Source records:
-------

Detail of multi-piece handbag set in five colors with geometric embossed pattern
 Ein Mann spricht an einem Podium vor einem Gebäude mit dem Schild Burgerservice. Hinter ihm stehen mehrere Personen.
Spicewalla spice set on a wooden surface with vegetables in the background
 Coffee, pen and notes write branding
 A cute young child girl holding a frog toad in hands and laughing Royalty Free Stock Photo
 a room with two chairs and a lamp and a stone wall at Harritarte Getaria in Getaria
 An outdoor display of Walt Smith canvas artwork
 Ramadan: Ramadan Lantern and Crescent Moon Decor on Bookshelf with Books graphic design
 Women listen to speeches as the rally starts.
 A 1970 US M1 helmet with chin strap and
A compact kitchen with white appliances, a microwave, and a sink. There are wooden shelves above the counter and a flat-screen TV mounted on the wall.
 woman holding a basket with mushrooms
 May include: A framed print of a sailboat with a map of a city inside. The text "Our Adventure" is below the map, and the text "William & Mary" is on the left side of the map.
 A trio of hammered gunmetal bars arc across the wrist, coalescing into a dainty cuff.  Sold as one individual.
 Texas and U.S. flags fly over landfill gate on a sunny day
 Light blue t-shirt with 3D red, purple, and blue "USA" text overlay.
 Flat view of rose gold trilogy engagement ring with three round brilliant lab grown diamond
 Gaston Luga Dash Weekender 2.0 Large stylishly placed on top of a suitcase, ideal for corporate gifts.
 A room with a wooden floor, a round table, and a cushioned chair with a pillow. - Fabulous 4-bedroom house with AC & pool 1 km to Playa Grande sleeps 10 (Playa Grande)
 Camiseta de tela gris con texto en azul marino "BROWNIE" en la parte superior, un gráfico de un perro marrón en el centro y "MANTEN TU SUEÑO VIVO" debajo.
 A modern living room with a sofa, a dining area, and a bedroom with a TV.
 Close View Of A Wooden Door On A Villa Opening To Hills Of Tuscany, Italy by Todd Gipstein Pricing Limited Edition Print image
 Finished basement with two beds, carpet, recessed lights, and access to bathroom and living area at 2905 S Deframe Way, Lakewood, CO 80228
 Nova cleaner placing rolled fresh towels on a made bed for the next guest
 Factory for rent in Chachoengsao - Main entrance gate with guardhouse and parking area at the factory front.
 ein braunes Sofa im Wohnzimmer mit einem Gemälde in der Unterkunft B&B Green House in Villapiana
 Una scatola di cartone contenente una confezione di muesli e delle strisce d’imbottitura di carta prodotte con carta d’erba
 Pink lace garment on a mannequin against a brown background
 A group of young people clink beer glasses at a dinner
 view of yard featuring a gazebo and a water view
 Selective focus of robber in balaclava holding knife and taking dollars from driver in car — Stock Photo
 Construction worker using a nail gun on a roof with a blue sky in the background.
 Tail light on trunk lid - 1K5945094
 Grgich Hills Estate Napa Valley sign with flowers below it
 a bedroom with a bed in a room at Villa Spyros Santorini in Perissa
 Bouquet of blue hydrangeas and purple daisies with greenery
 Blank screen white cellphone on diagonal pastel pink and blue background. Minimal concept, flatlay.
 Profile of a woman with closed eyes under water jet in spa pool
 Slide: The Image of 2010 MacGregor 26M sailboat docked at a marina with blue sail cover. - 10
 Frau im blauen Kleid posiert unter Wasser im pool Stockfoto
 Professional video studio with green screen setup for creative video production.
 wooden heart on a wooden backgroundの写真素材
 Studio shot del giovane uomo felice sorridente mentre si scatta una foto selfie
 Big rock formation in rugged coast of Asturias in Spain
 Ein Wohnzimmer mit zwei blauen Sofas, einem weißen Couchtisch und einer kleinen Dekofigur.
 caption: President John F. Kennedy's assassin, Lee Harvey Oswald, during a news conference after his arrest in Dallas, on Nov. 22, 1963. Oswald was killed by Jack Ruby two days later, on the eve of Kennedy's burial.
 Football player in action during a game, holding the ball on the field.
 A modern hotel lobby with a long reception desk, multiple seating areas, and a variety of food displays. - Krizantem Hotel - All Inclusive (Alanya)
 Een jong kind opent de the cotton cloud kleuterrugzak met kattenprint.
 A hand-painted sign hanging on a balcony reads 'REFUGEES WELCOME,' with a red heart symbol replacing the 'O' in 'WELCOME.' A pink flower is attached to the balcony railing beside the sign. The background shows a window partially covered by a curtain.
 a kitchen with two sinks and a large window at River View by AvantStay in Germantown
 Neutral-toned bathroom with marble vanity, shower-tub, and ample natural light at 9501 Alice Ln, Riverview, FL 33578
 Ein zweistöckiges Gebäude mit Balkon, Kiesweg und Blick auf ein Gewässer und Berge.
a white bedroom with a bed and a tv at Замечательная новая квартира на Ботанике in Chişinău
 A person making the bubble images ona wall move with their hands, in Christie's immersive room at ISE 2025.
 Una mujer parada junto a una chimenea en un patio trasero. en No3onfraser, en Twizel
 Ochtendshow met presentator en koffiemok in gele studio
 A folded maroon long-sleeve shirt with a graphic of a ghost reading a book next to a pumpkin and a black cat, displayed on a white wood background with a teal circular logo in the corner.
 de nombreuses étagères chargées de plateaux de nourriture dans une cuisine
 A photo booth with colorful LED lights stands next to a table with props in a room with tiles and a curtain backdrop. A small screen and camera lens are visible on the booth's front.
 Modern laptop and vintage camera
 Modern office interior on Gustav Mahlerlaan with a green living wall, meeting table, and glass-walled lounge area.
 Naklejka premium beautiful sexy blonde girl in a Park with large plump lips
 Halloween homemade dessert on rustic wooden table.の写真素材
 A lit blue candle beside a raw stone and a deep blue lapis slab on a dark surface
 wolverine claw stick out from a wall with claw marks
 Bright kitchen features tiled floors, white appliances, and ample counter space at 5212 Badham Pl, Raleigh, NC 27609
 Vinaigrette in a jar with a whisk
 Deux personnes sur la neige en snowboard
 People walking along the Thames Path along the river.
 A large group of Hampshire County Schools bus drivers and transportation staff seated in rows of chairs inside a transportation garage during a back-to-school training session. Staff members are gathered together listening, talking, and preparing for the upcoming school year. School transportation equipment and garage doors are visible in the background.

-------

• PROBLEM TO SOLVE: Please give an exact copy of the lines above, beginning with the line containing "Modern laptop and vintage camera" and running through the line containing "Vinaigrette in a jar with a whisk", and of no other lines.

• WRITTEN RESPONSE:
 Modern laptop and vintage camera
 Modern office interior on Gustav Mahlerlaan with a green living wall, meeting table, and glass-walled lounge area.
 Naklejka premium beautiful sexy blonde girl in a Park with large plump lips
 Halloween homemade dessert on rustic wooden table.の写真素材
 A lit blue candle beside a raw stone and a deep blue lapis slab on a dark surface
 wolverine claw stick out from a wall with claw marks
 Bright kitchen features tiled floors, white appliances, and ample counter space at 5212 Badham Pl, Raleigh, NC 27609
 Vinaigrette in a jar with a whisk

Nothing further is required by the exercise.